[TASK PROMPT]
Would you please give the entries again word for word, with no images in your copy?

Short web captions:
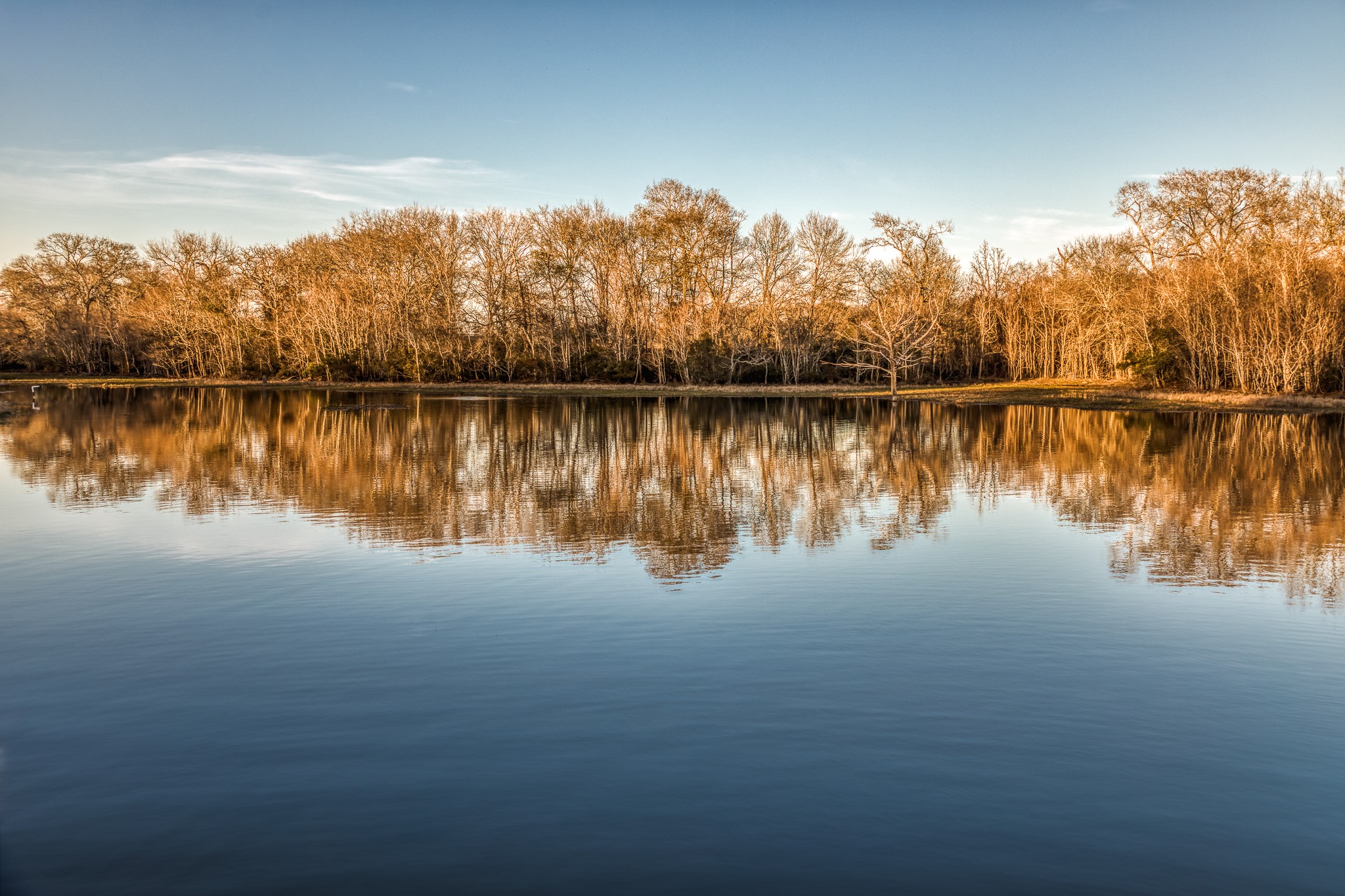 23032 Oak Road New Ulm, TX 78950 - Photo 42 of 44 a view of a lake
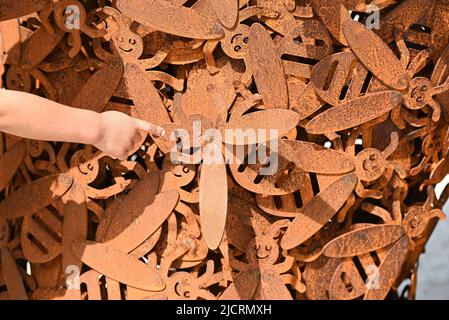 Varietà di peperoni mostrati nelle finestre Foto Stock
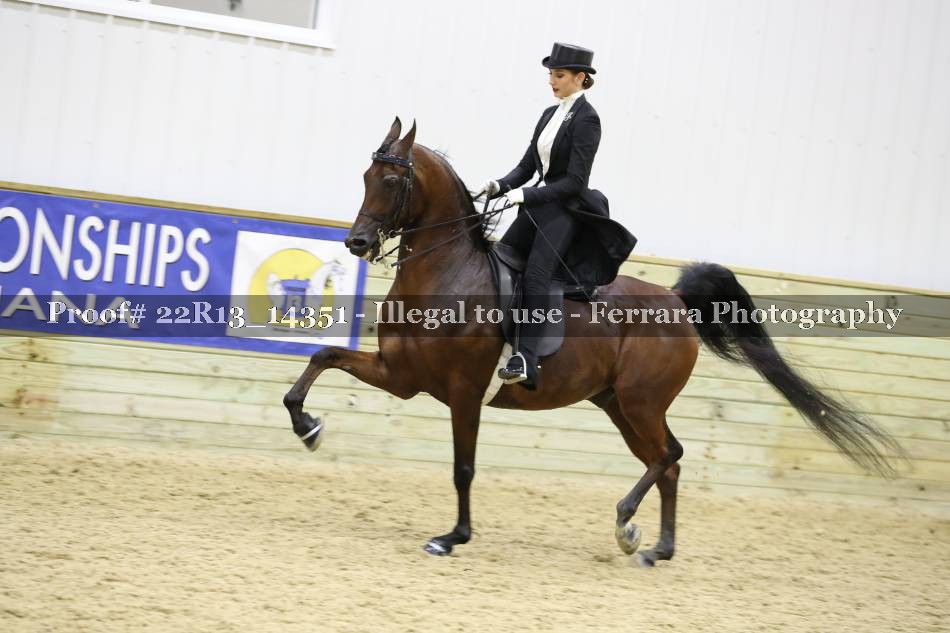 Proof 22R13_14351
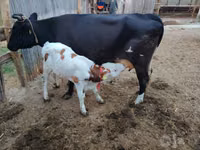 Корова, Симментальская порода — фото 3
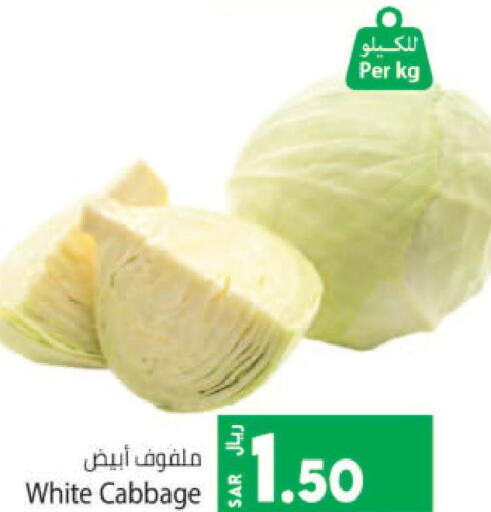  Cabbage  in Kabayan Hypermarket in KSA, Saudi Arabia, Saudi - Jeddah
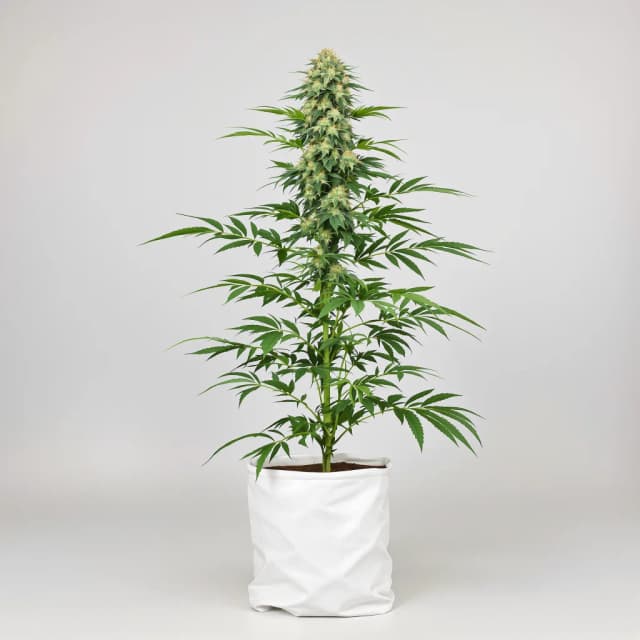 Embalaje de semillas de cannabis Sour Grape — Royal King Seeds España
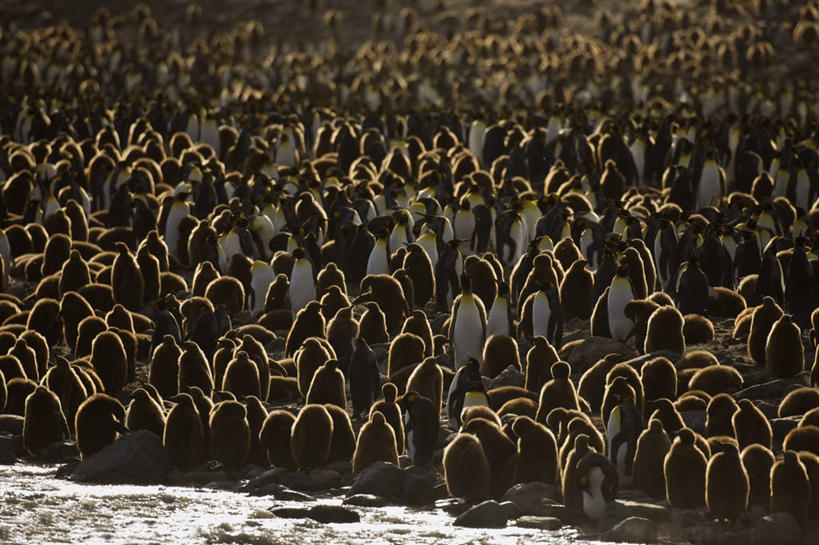 无人,站,横图,室外,白天,旅游,度假,海洋,美景,水,企鹅,野生动物,一群,许多,丰富,鸟类,景观,很多,娱乐,自然,享受,休闲,景色,放松,摄影,自然风光,南极洲,帝企鹅,南乔治亚岛,次南极区群岛,海滩,彩图,动物行为,动物学,南冰洋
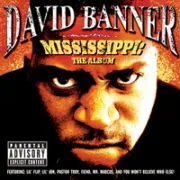 Bush - David banner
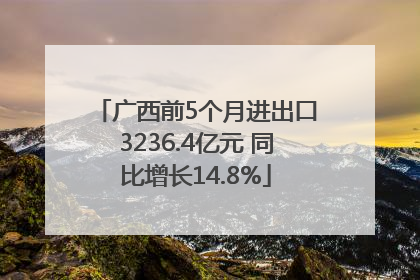 广西前5个月进出口3236.4亿元 同比增长14.8%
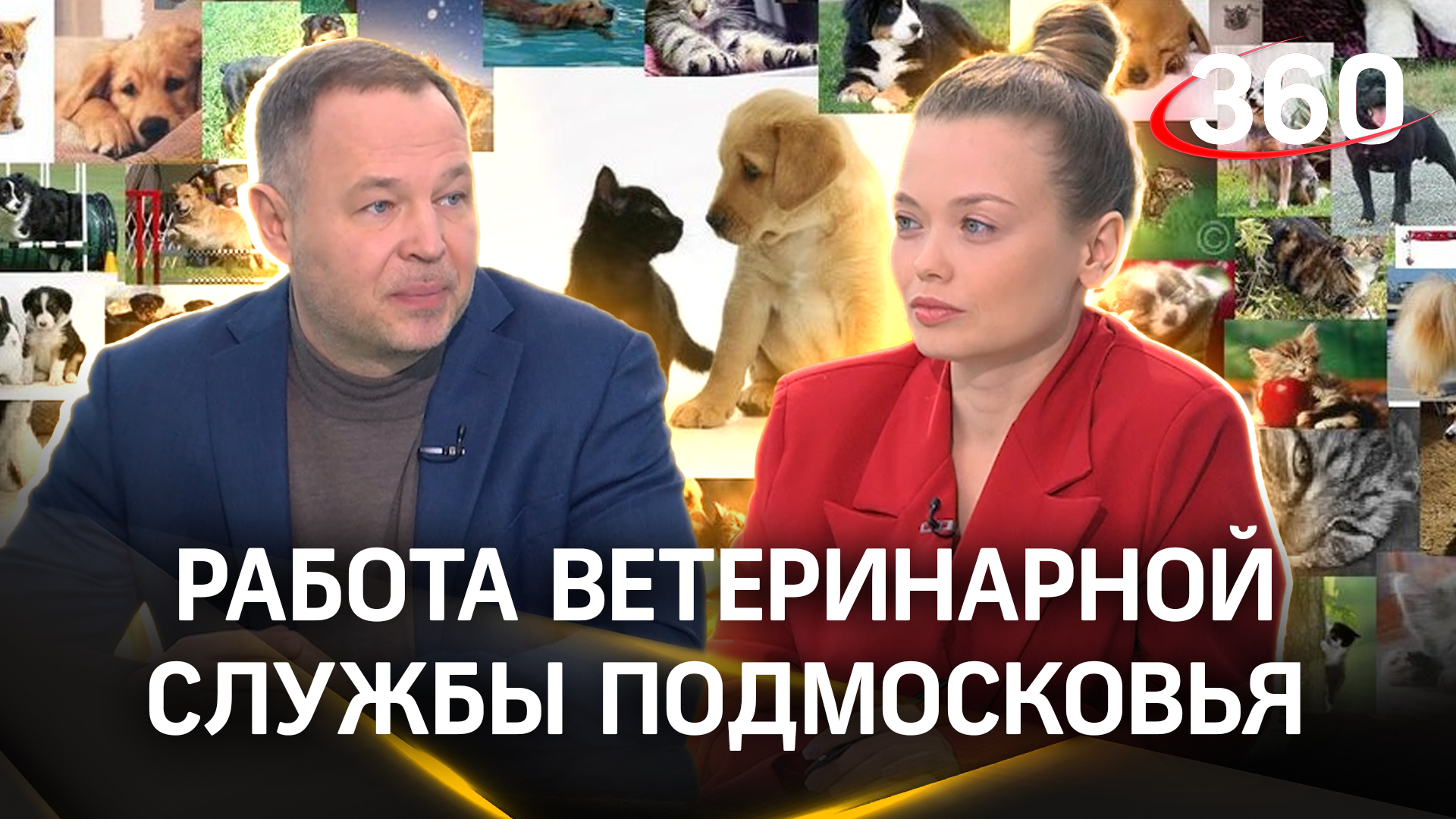 Государственная ветеринарная служба Подмосковья считается одной из самых эффективных в нашей стране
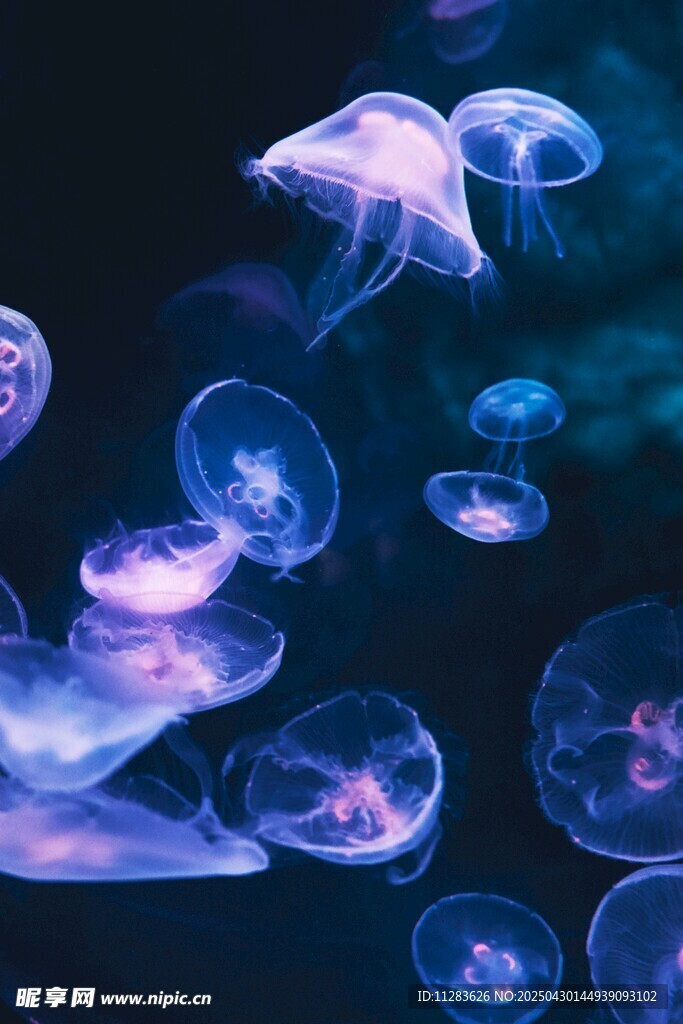 夢幻水母在水中輕盈舞動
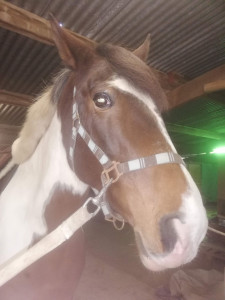 Photo de galerie - Nourrissage chevaux 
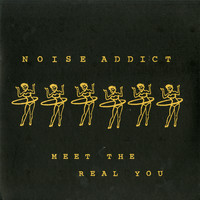Noise Addict - Meet the Real You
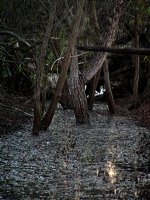 Dark Still Creek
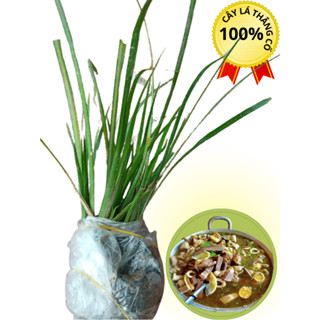 2 bầu cây thắng cố sâm gà giống - HTX bảo tồn cây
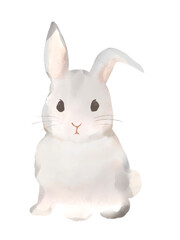 かわいいウサギの挿絵イラスト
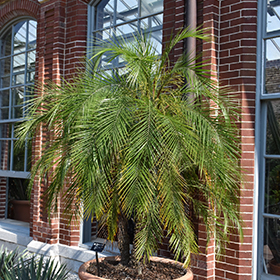Plant Photo 6
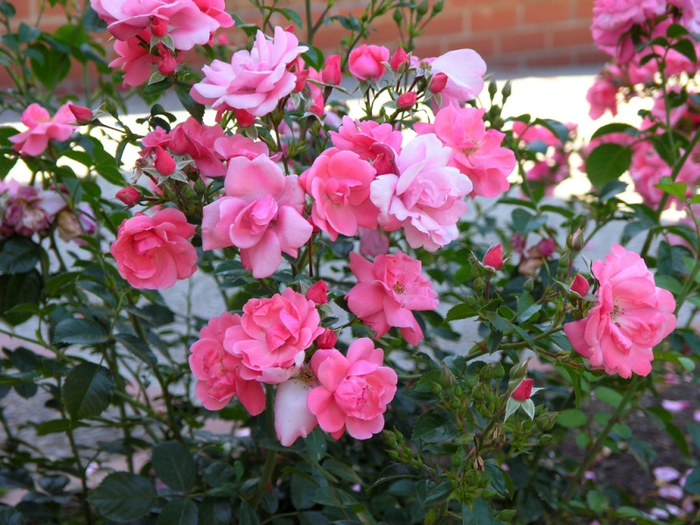 Самые красивые розы в городе Портленд штата Орегон14 (700x525, 481Kb)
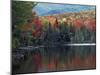 Shoreline of Heart Lake, Adirondack Park and Preserve, New York, USA-Charles Gurche-Mounted Premium Photographic Print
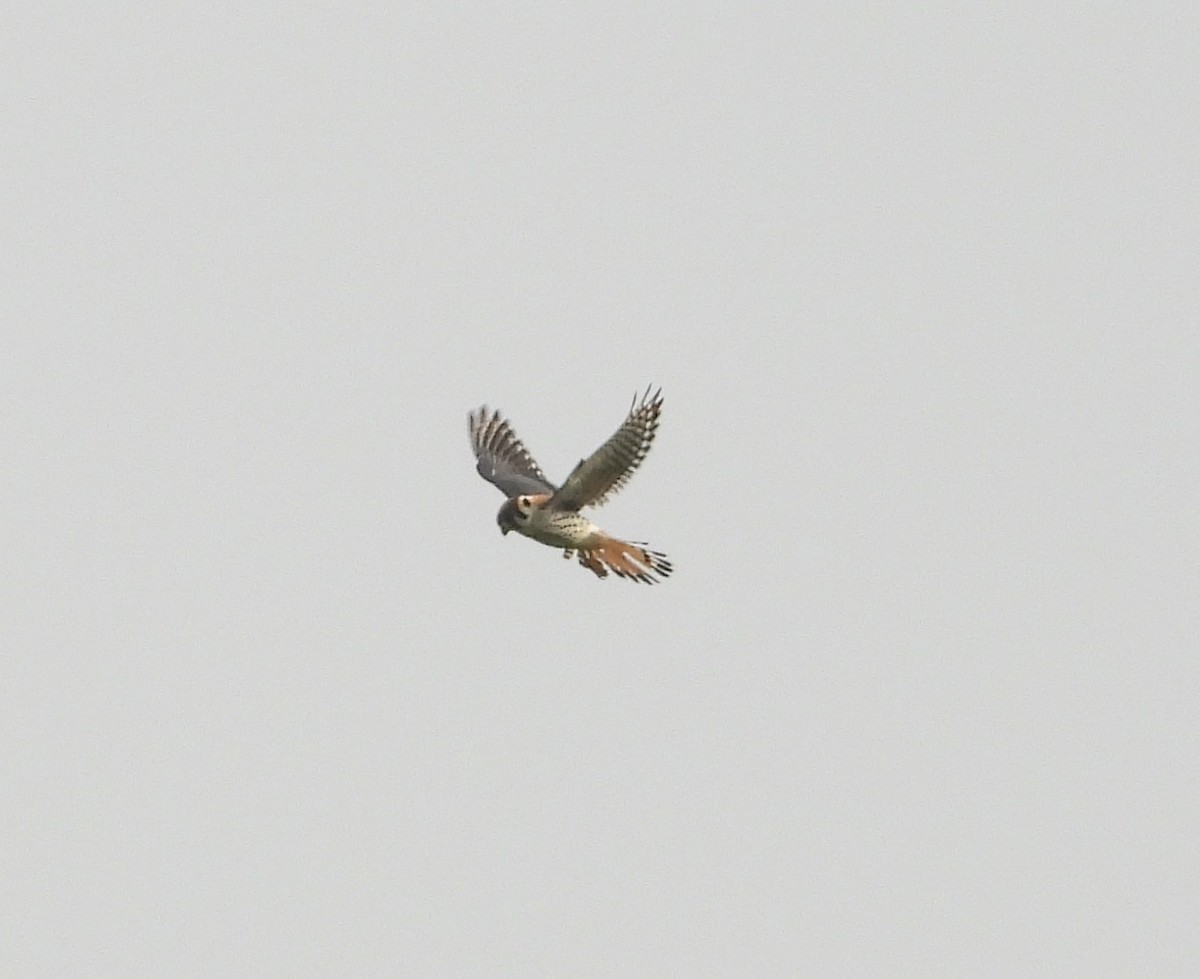 American Kestrel - ML659628544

[OUTPUT OF THE TASK]
 23032 Oak Road New Ulm, TX 78950 - Photo 42 of 44 a view of a lake
 Varietà di peperoni mostrati nelle finestre Foto Stock
 Proof 22R13_14351
 Корова, Симментальская порода — фото 3
  Cabbage  in Kabayan Hypermarket in KSA, Saudi Arabia, Saudi - Jeddah
 Embalaje de semillas de cannabis Sour Grape — Royal King Seeds España
 无人,站,横图,室外,白天,旅游,度假,海洋,美景,水,企鹅,野生动物,一群,许多,丰富,鸟类,景观,很多,娱乐,自然,享受,休闲,景色,放松,摄影,自然风光,南极洲,帝企鹅,南乔治亚岛,次南极区群岛,海滩,彩图,动物行为,动物学,南冰洋
 Bush - David banner
 广西前5个月进出口3236.4亿元 同比增长14.8%
 Государственная ветеринарная служба Подмосковья считается одной из самых эффективных в нашей стране
 夢幻水母在水中輕盈舞動
 Photo de galerie - Nourrissage chevaux 
Noise Addict - Meet the Real You
 Dark Still Creek
 2 bầu cây thắng cố sâm gà giống - HTX bảo tồn cây
 かわいいウサギの挿絵イラスト
Plant Photo 6
 Самые красивые розы в городе Портленд штата Орегон14 (700x525, 481Kb)
 Shoreline of Heart Lake, Adirondack Park and Preserve, New York, USA-Charles Gurche-Mounted Premium Photographic Print
 American Kestrel - ML659628544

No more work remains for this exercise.